Newspaper article The Florida Times Union

Wombat's Life: Eat, Sleep and Train Humans

Newspaper article The Florida Times Union

Wombat's Life: Eat, Sleep and Train Humans

Article excerpt

Byline: Brandy Hilboldt Allport, Times-Union staff writer

In case you aren't familiar with wombats, here are the basics: They live in Australia. They look like small bears. They spend their time digging holes, eating and napping.

Hmmm . . . in my next life . . . Oh, excuse me. Back to the matter at hand, Diary of a Wombat by Jackie French (Clarion Books, $14, ages 5 to 9).
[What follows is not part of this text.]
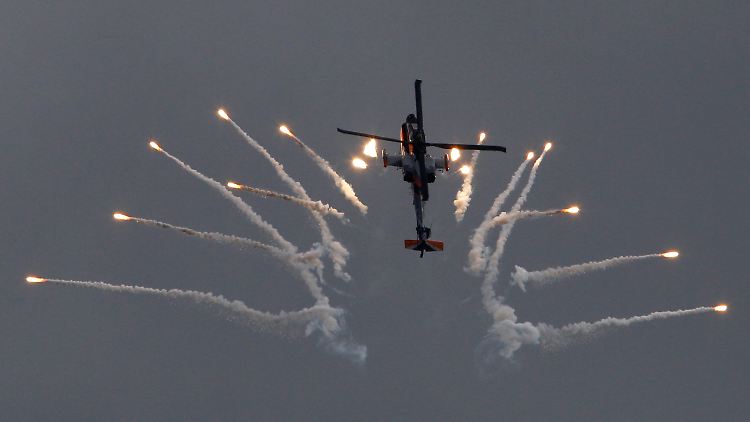 Ein Apache-Hubschrauber bei einer Übung.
As the title indicates, pages chronicle the day-to-day activities of an unnamed female wombat.


Morning: Slept.

Afternoon: Slept

Evening: Ate grass. Scratched.

Night: Ate grass. Slept.

Tuesday unfolds in a similar manner, but by Wednesday, the wombat notices she has new neighbors, humans. The action picks up considerably, but entries in the wombat's diary remain matter-of-fact, even pedantic.

The belly-laugh humor in the book comes from the contrast between the wombat's activities and the humans' reactions. The humans never speak -- this is the wombat's diary, remember? Readers must look at the illustrations to get "the real picture," if you will. For instance, Found the perfect dustbath, the wombat writes. The drawing shows Mom, Dad and two kids cooking hot dogs in the back yard. Judging from the clouds of red and brown dust the wombat stirs up right in front of the grill and the humans' stricken facial expressions, lunch is not going to be dirt-encrusted hot dogs.

Later in the afternoon, the wombat discovers a flat, hairy creature invading her territory. She fights a battle, shreds the enemy and approaches the humans' door for a reward. The humans, not pictured, but presumably consternated by the tattered remains of their welcome mat, still offer the wombat a carrot.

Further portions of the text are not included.